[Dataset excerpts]
=====

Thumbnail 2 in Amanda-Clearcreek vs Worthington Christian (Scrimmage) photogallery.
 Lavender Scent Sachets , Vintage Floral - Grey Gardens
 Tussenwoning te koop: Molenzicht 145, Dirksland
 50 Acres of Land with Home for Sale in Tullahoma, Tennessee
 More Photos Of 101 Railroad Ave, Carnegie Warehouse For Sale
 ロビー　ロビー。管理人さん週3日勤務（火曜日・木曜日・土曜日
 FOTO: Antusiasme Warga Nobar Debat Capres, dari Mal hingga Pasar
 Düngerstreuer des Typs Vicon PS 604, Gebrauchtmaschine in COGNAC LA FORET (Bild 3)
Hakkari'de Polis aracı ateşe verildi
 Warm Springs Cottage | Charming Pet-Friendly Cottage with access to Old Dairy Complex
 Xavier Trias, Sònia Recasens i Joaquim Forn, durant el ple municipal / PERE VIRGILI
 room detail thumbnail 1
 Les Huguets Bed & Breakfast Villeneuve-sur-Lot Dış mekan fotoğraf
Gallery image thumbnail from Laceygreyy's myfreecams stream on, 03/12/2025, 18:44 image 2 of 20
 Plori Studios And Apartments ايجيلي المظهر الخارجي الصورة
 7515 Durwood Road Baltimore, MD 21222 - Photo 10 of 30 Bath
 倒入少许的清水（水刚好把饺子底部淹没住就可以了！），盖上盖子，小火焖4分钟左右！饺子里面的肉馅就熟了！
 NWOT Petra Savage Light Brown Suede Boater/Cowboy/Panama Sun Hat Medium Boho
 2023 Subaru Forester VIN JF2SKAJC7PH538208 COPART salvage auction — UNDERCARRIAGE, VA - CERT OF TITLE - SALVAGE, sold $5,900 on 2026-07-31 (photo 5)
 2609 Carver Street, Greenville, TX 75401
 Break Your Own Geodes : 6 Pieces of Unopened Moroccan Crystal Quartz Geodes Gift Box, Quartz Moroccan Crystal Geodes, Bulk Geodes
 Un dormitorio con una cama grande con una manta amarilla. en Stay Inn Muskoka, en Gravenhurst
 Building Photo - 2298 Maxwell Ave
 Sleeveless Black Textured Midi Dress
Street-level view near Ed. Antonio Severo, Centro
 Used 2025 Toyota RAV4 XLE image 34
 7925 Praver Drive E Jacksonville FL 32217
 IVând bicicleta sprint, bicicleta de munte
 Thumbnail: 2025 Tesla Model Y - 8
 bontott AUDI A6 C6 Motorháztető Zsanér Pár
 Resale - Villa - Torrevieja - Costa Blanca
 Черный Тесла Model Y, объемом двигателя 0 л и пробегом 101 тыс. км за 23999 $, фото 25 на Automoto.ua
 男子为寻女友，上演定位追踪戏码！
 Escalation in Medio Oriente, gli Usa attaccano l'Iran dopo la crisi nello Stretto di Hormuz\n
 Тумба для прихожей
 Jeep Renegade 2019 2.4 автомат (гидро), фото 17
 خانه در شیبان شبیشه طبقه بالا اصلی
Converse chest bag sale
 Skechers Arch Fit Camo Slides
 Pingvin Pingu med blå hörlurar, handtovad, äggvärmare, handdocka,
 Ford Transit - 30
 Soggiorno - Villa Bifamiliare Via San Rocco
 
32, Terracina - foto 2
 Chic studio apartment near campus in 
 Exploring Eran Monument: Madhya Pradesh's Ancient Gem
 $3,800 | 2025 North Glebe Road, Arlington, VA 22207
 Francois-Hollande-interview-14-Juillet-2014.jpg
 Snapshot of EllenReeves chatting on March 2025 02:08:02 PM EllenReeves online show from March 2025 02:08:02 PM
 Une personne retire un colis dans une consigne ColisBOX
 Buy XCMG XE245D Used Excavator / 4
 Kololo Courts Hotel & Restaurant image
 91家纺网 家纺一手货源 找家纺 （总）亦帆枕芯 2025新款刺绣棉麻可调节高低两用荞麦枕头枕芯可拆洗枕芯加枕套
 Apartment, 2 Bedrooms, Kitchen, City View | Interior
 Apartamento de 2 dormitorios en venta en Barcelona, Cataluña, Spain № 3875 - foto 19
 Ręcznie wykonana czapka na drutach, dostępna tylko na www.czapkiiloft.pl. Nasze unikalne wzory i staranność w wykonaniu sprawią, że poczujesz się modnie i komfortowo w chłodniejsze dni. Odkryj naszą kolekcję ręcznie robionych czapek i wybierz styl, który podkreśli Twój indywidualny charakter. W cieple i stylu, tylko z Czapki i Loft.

=====

-- Your task --
Every line in the entries above that mentions the word "from" must be shown.

-- Answer to this exercise --
Gallery image thumbnail from Laceygreyy's myfreecams stream on, 03/12/2025, 18:44 image 2 of 20
 Snapshot of EllenReeves chatting on March 2025 02:08:02 PM EllenReeves online show from March 2025 02:08:02 PM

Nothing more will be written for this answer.